In that mix, Jason Temple and Brian Esser, also known as Florida duo Yip-Yip, were as active as any, playing 100 shows over three tours in 75 cities, including a Bug Jar gig a year ago with fierce rock band Health. The end of 2007 also saw the release of the band's album "Two Kings Of The Same Kingdom," a raucous 25-minute collection of melodic, disjointed synth-pop packaged with a DVD of videos self-filmed by the band.

Onstage, Yip-Yip don identical black-and-white checkered costumes, and drape a similarly checkered backdrop behind them. The visually arresting pattern covers their instruments and nearly every inch of the stage. "We understand that we're an instrumental band and we have to do everything that we can to make the show really interesting and win people over," says Esser. "There's a kind of mysterious vibe to it."

The evolution of Yip-Yip's costumes - from furry white snow monsters to the two-tone-spacemen of today - mirrors the duo's changing music (and the fact that hundreds of shows can put quite the strain, and stain, on white fabric). Initially just synthesizers and samplers, Yip-Yip has experimented with its live shows, which now feature a saxophone, cymbals, and other live-music effects, all of which hint at a new, more melodically mature direction as the band writes the material for a new record due tentatively in fall 2009.
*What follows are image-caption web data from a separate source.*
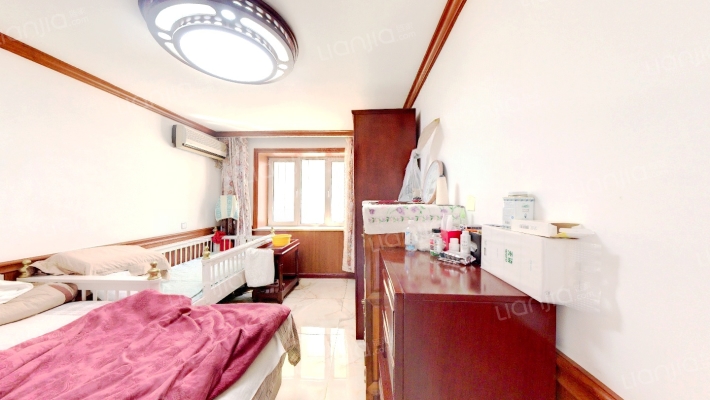 子牙东里二手房实景图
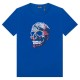 тениска,мъжки,тениски,antony,morato,mmks02227,fa100144,t,shirt,bluette,(blue)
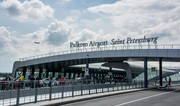 Pulkovo airport resumes operations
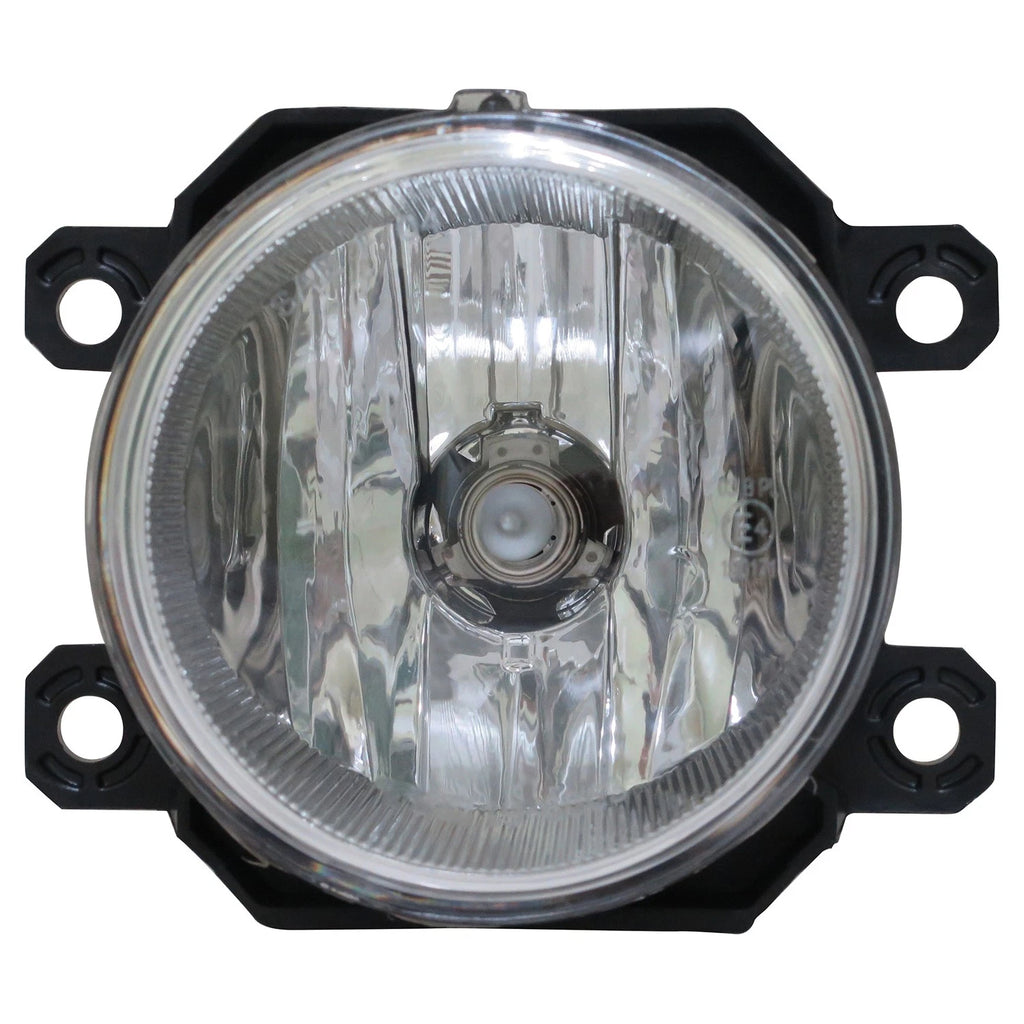 Replacement Driver/Passenger Side Fog Light Assembly w/o Driver Assist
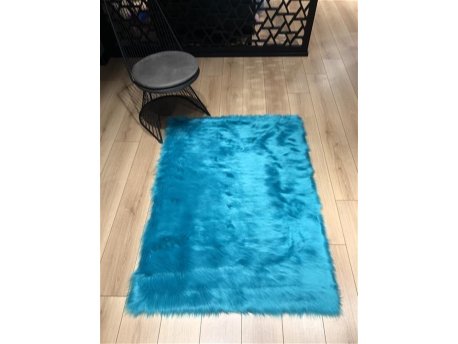 Conceptum Hypnose Tepih Post Turquoise 100 x 150 (551CST1250)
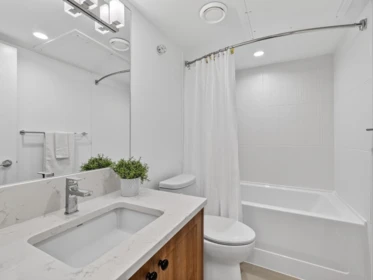 Laundry Room Photo of 53 20487 65 Avenue, Langley, BC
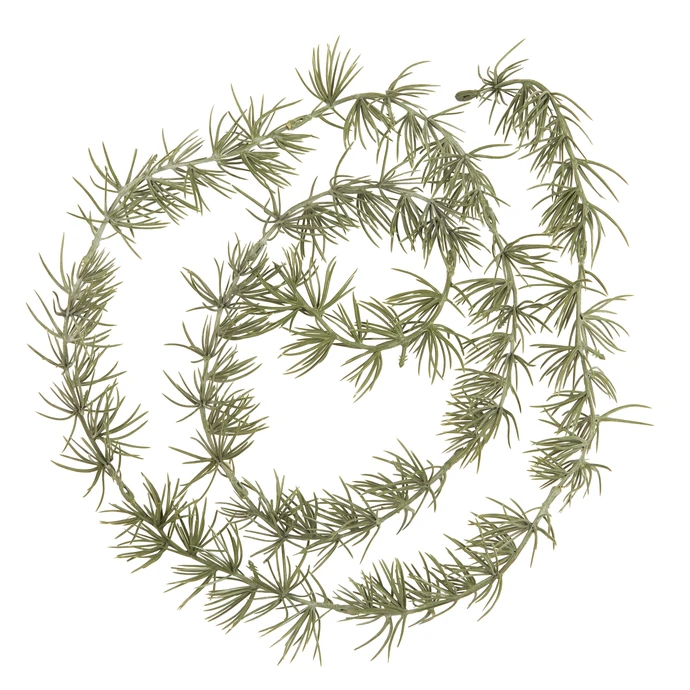 Ib Laursen / Dekorativní girlanda Cedar 150 cm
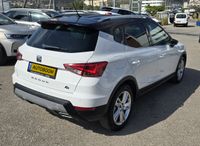 SEAT Arona 2nd hand, 2021, private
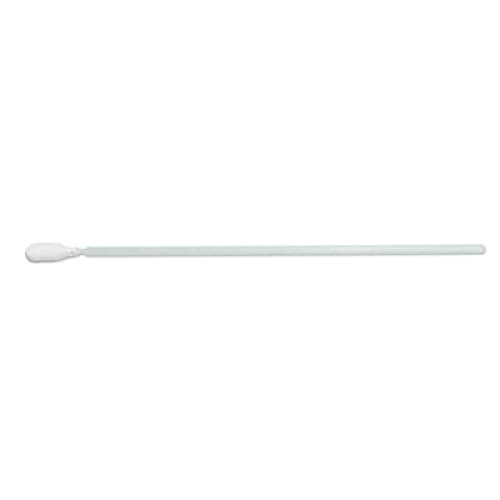 Puritan PurSwab 6 ESD Spatula Shaped Knitted Polyester Swab 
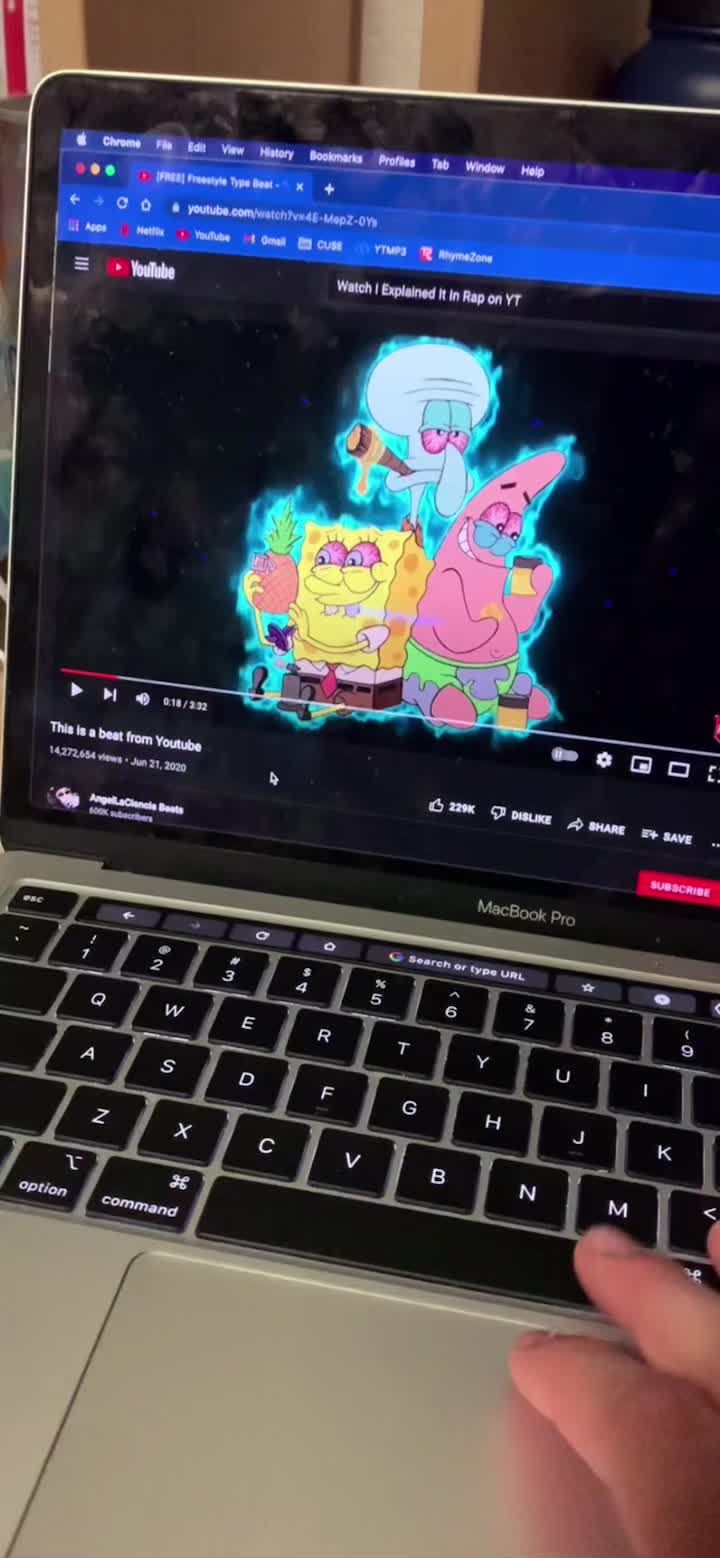 Video post by @brettwilk on TikTok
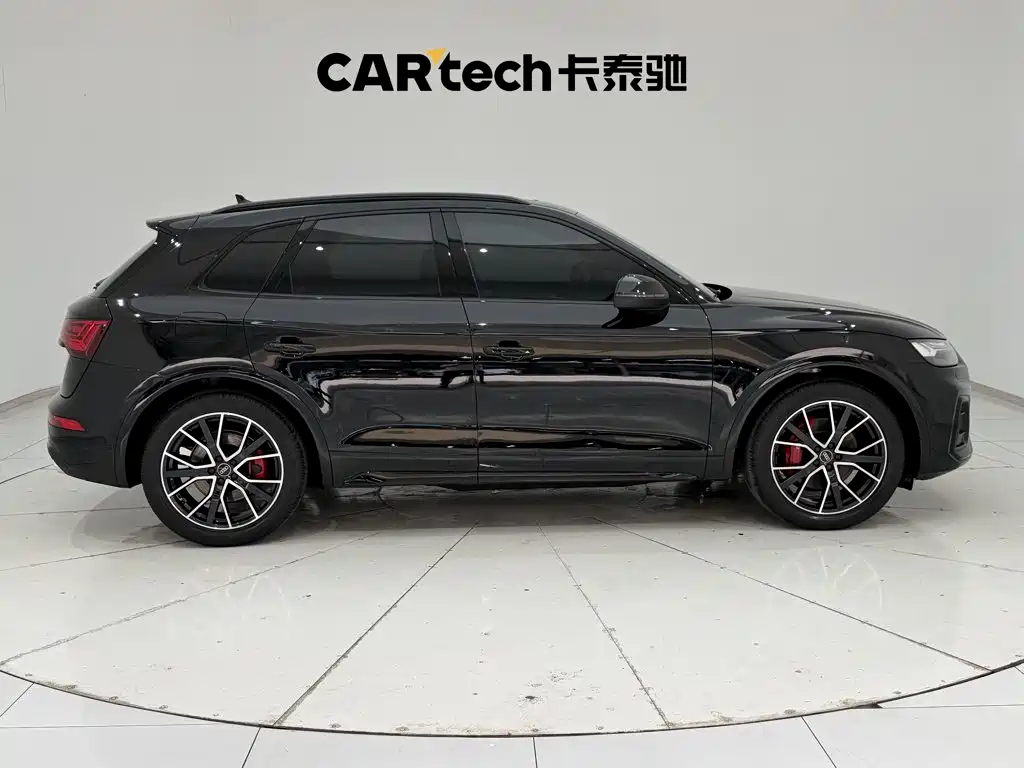 Audi SQ5 — миниатюра 4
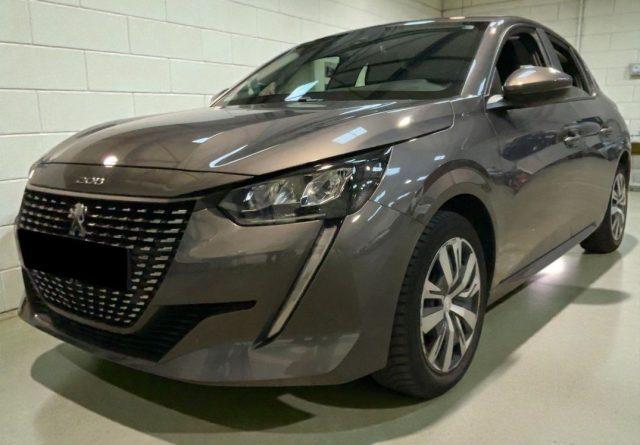 PEUGEOT 208 PureTech 100 5 porte Allure RETROCAMERA OK NEOPATE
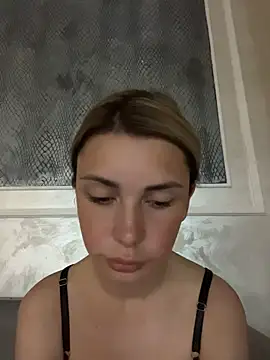 Chat XXX en directo de SandraCarter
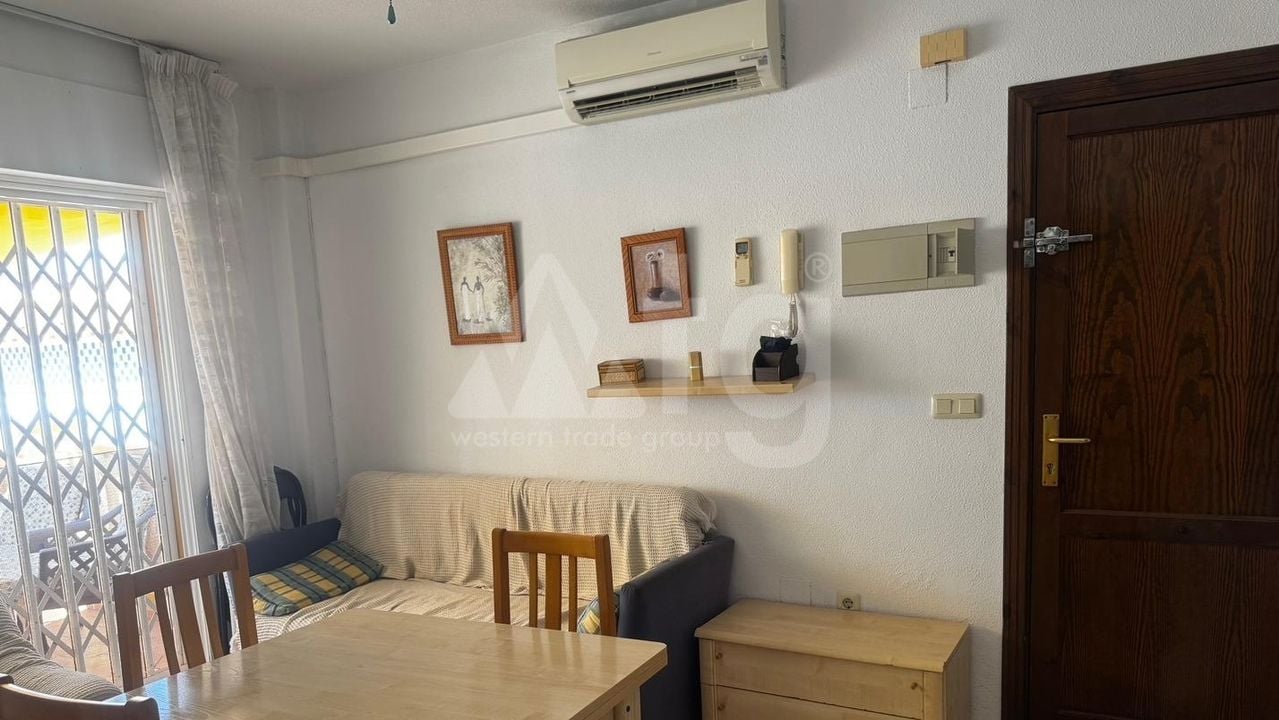 Appartement de 3 chambres à Torrevieja - VEC93664 - Photo - 3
Esser describes one pivotal moment that occurred late 2007, working out a cover of Nirvana's "Very Ape." The band, which itself don't use vocals, initially attempted to orchestrate only the instrumental parts of the song, and the effort fell flat. "Jason got the saxophone out and played the vocal melody, and it was like this huge moment, for me at least," says Esser. "The way that the vocals that he wrote cross over with the rest of the music and carry over in certain parts really opened my eyes."

Yip-Yip has always straddled the line between electronic and rock, touring most recently with avant-metal band Gengis Tron, and hitting Europe next month with noise rockers An Albatross.

"We've been kind of strangely accepted into that scene, and we didn't necessarily think that we would just fit in like that. But we've met a lot of bands and they've been really cool with us," says Temple. "I think there's a mutual appreciation. Usually in those bands there's some a form of experimentation or just weird songwriting or sounds."

The band, on and off stage, empathizes with and reaches out to rock audiences. "I could watch a guy shred on a guitar all night and be amazed, but there's really only a couple people on synthesizer where I've been, like, 'Wow,'" says Esser.

The easiest reference point to Yip-Yip's synth sound is one that they've heard a lot: video game music. The connection is unintended, says the band. "Never were we trying to make video game music," says Esser. "We don't reject it, but it's definitely not intentional. Our biggest influence at the beginning was Devo. That helped put in our brain that a band should be more than just music, with visuals and video and art."

In that vein, the band designs (and usually makes) all of its own merchandise, from CD covers to a zine that came paired with the "Candy Dinner" single to black-and-white t-shirts, bundled with a set of neon paint markers for the wearer to color in herself. Esser says that the sheer coolness of Devo's absurd merch has been an inspiration. "I was always big into art. If I hear a band and they're good and they have an art side, there's just more to it. It's like finding a new favorite band and artist," says Esser.

Even with Yip-Yip's frequent touring, its members continue to work, when home, around their base of Winter Park, Florida. For both, the idea of turning Yip-Yip into a business doesn't have much appeal.

"We don't want to make Yip-Yip such a ridiculous money stress, begging people to buy our stuff constantly just to be able to pay rent," says Esser.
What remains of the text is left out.